The Eagles must defeat the blitz enough to put defenses on their heels, rather than allowing them to play downhill and dictate the flow of the game, as the Cardinals did on Sunday.
This offense has turned the ball over 11 times in three games, and that is simply not acceptable. When the team opened Sunday's game with a pass (Vick ran for 3 yards to avoid being sacked), pass (incomplete deep on the left side for Damaris Johnson) and pass (another incomplete intended for Johnson), didn't you just feel the offense was going to be in for a struggle?
I sure did. I saw the Cardinals go all out in attacking Vick, getting up in his face and forcing hurried, inaccurate throws.
What are the Giants going to do on Sunday night? They've got a great front four, led by end Jason Pierre-Paul, who is as dominating as any defensive player in the NFL right now. The Giants enjoyed their weekend off after dismantling the Panthers on Thursday night and are going to be as fresh as they can be for the showdown Sunday night at Lincoln Financial Field.
It's going to be interesting to see how, or if, the Eagles modify their offensive structure after watching the film from Sunday's loss. Are they good enough up front to play it straight against the Giants and continue the pass-first approach? Through three games, if the numbers mean anything, teams have had more success throwing the ball against New York than they have running it, which could lead one to believe that passing is the way to go against New York.
We know, of course, that the Eagles want to throw the ball first. That's what most NFL teams do. They throw the ball early and try to get a lead and then work in the running game and, well, we've been through this conversation for more than a decade. The Eagles have had a lot more success doing it their way than most teams in the league.
I just haven't seen a consistent tempo from the offense through three games. I haven't seen a defining personality. I love the no-huddle change-up, and is that something the coaches would consider on more of a full-time basis until the offense gets its swerve back? Or is it too much of a gimmick to rely upon over the long haul?

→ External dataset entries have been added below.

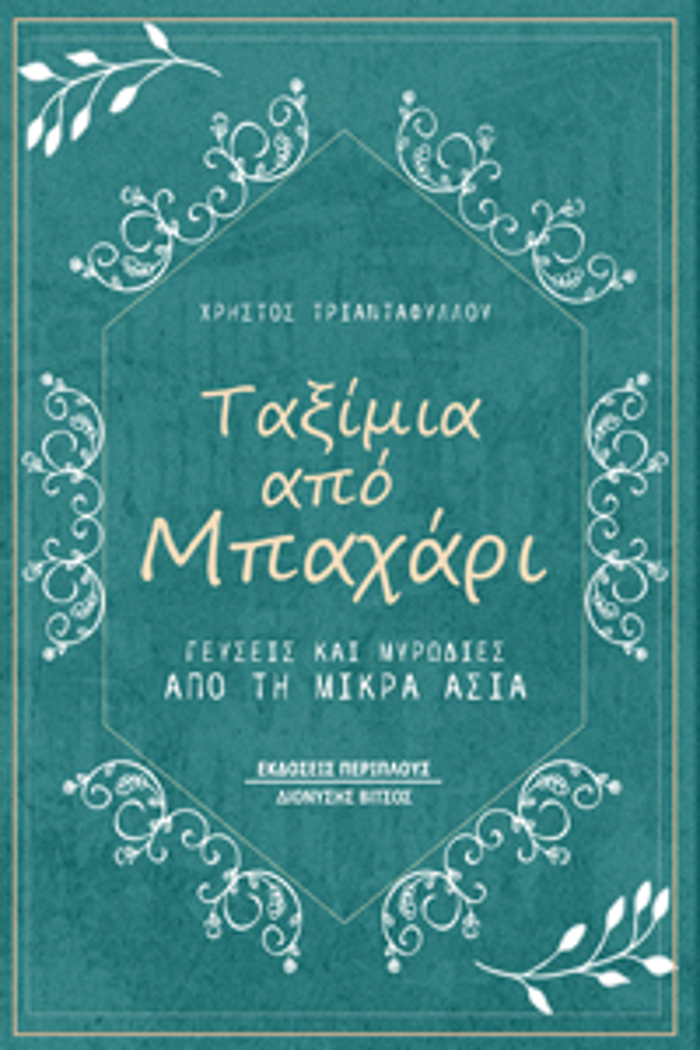 TAXIMIA APO MPAXARI GuSEIS KAI MuRODIES APO TI MIKRA ASIA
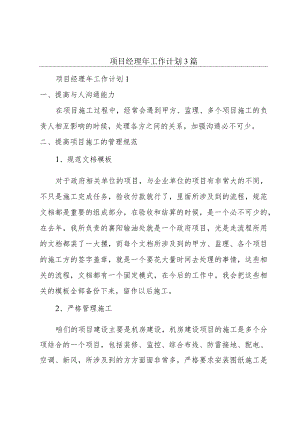 项目经理年工作计划3篇.docx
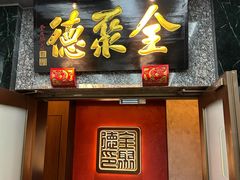 -全聚德(双井店)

Everything center around Vick in the offense, and his inconsistency with ball security has been an area the coaches and players are working to improve. It isn't just Vick, of course, because the turnovers have come from all corners of the team, but the quarterback is the one in the spotlight more than anyone else, for better or for worse.
The Eagles need A) Vick to be a lot better at the quarterback position and; B) A system modification to make things easier for No. 7. He's back to trying to do too much for the offense, whether that is by design in a pass-heavy offense. Vick's 125 pass attempts are third in the NFL behind Drew Brees (137 attempts for the 0-3 Saints) and Carson Palmer (128 attempts for the 1-2 Raiders). Matthew Stafford (122 attempts for the 1-2 Lions) and Andrew Luck (122 attempts for the 1-2 Colts).

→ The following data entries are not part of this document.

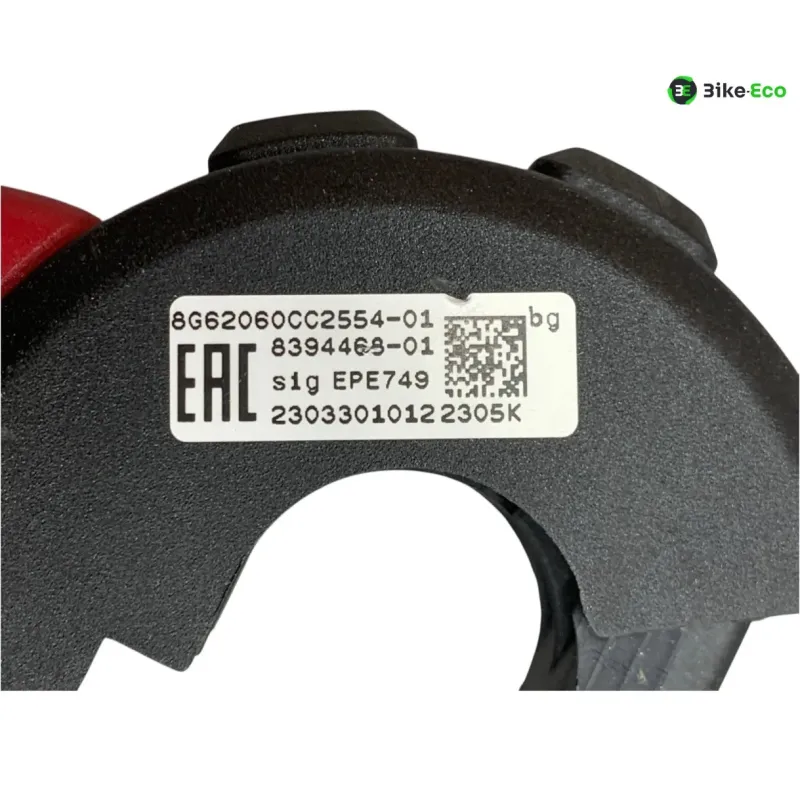 Commodo droit BMW R 1250 RT 2019-2024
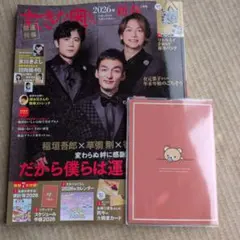 Item thumbnail for item f4b2e3ab-f5c9-456b-b4ef-91c3fbdaf716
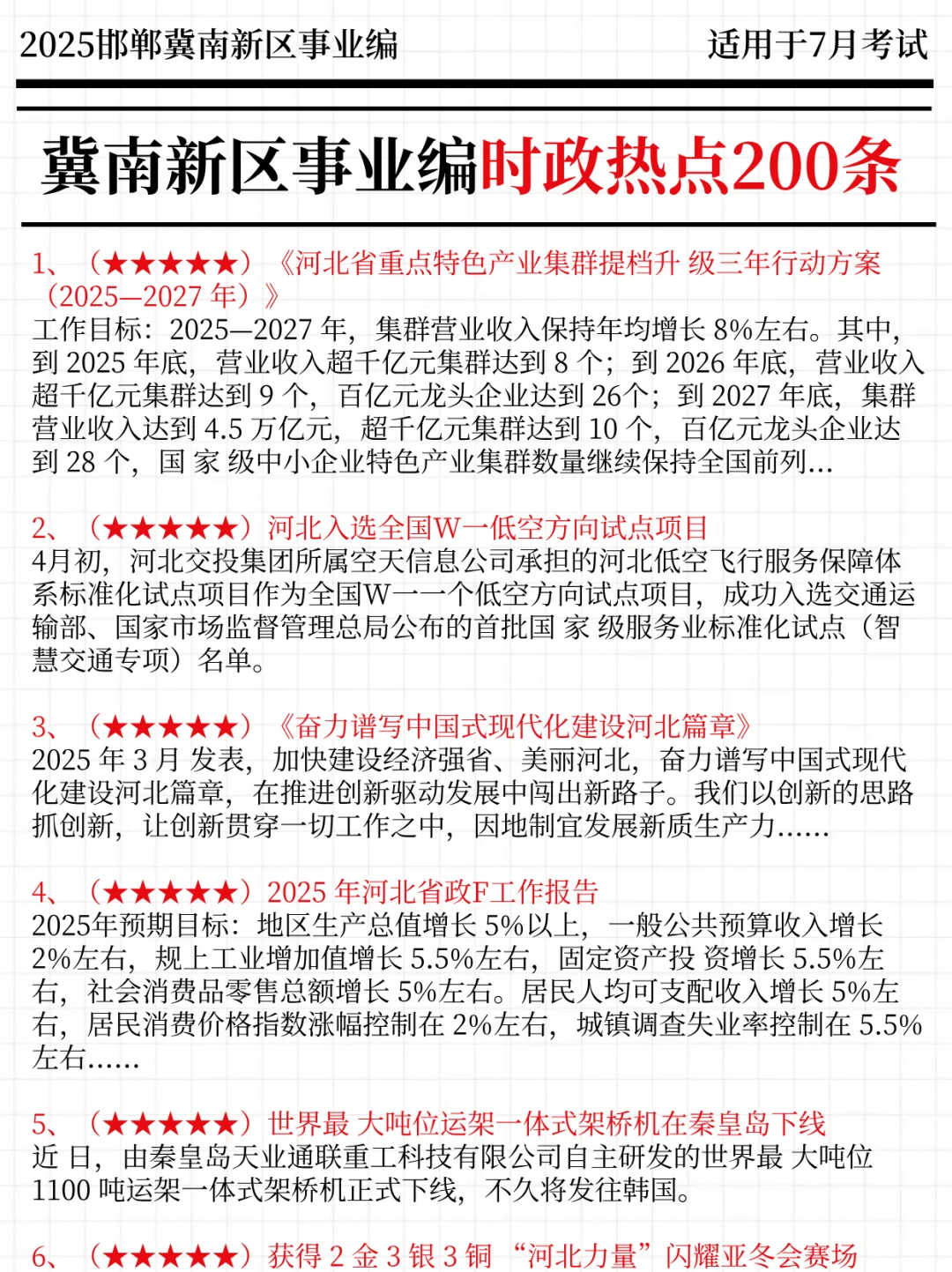 30天极限过冀南新区事业单位（平民版）
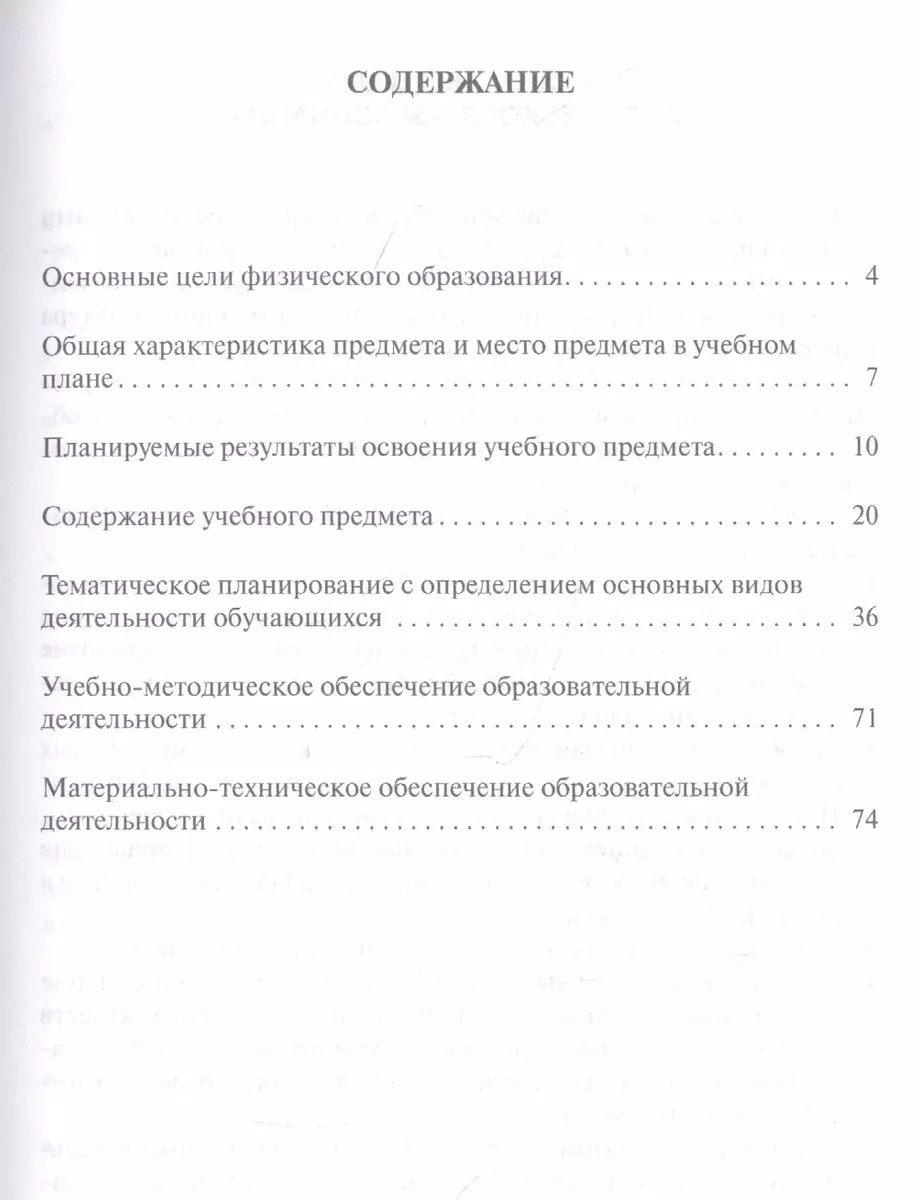 (12+) Программа курса Физика. 10-11 класс. Базовый уровень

Vick has a passer rating of 66.3 through three games, ranking him 29th in the league in that department. Only Brandon Weeden, Jay Cutler and Ryan Tannehill are lower than Vick in that very important category. How can a team that throws as much as the Eagles win with a quarterback who has a passer rating that low?

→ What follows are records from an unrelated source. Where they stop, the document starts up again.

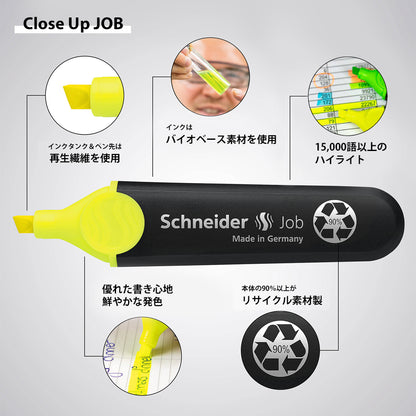 蛍光ペン ジョブ JOB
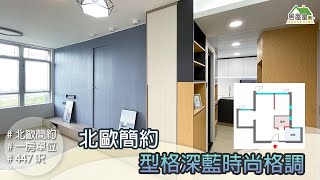 【北歐簡約 型格深藍時尚格調】 一房單位 | 北歐簡約風格 | 室內設計 | 居屋設計 #驥華苑 #啟欣苑 #冠山苑 #裕雅苑 #愉德苑 #居屋皇 #居屋裝修 居屋裝修 #裝修 #公屋裝修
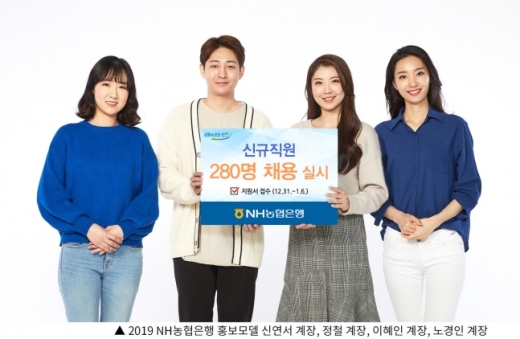 /사진=농협은행
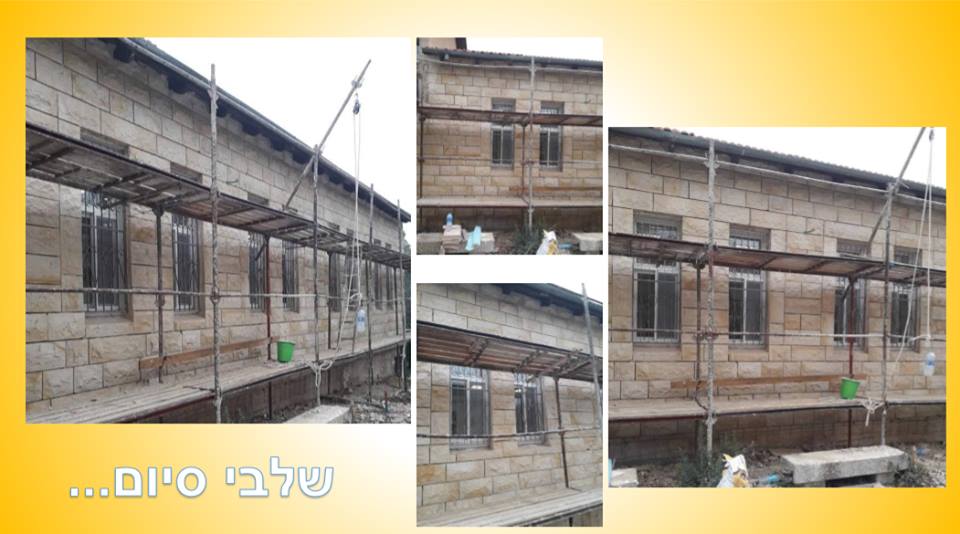 שיפוץ מבנה חיצוני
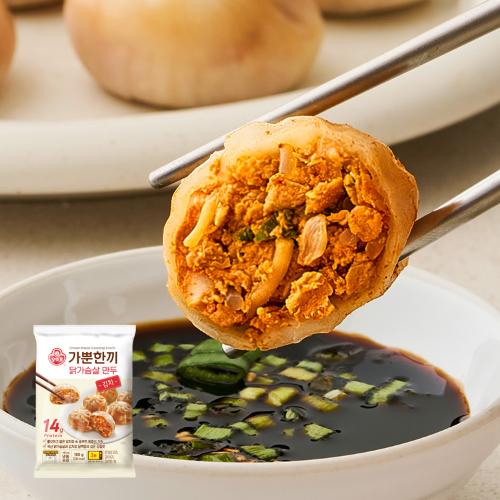 가뿐한끼 닭가슴살 만두 김치 180G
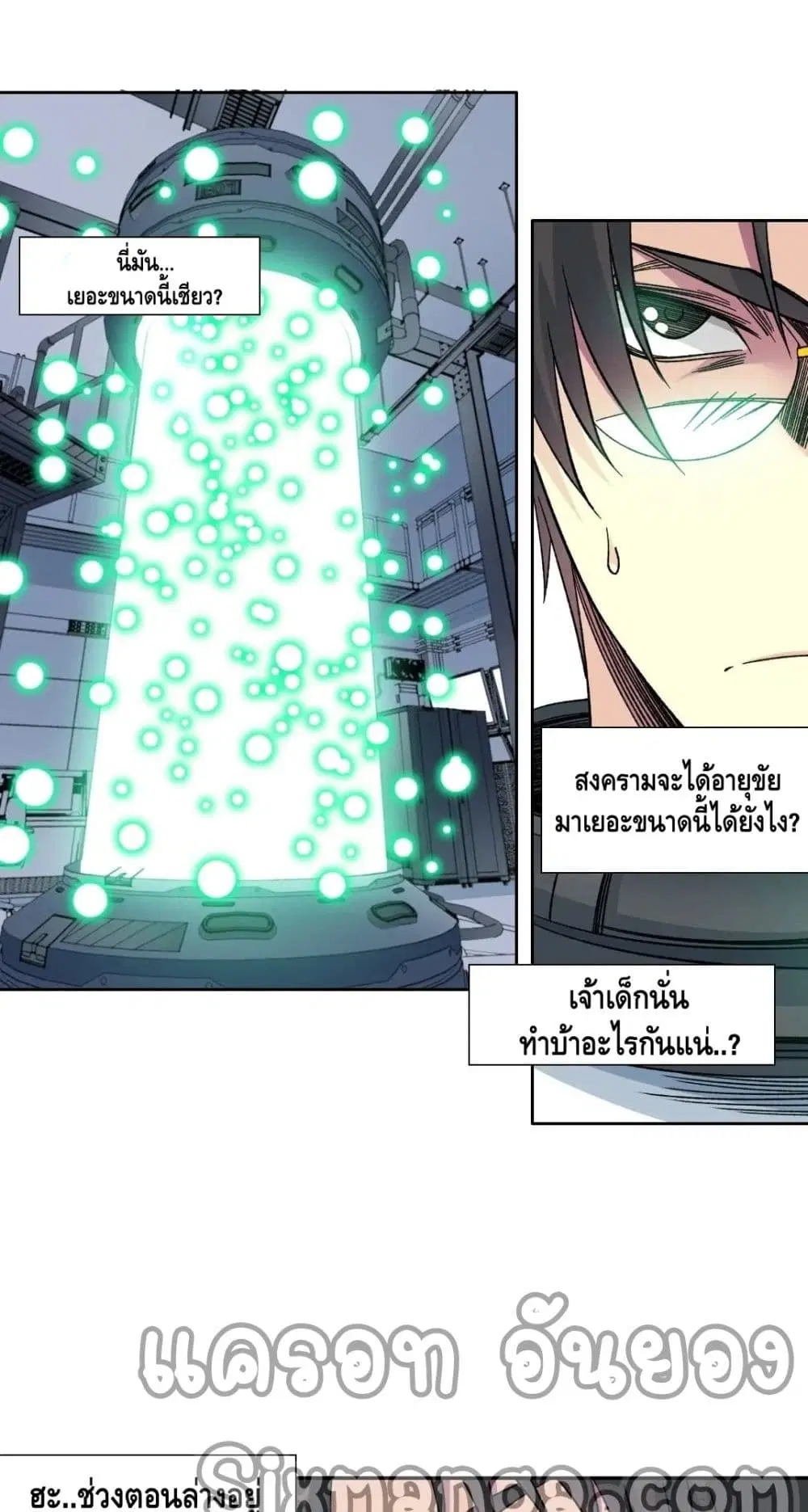 The Eternal Club ตอนที่ 147 หน้า 29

This is a really interesting time for the coaching staff to determine what's next for the Eagles' offense. What is the best approach is the best moving forward? Vick has been sacked 9 times in his 125 pass attempts, a percentage that ranks 21st in the league. Do the Eagles continue to throw the ball as much as they do? If the answer is yes, how can they get the ball out of the quarterback's hands more quickly and effectively?
Hey, the Eagles are 2-1 and very much control their destiny in the NFC East. We know how Andy Reid's teams play down the stretch, and all that matters now is wins, not style points. Still, it's hard to escape the feeling that something has to give right now for the offense to find the right path on the road to Vick-tory.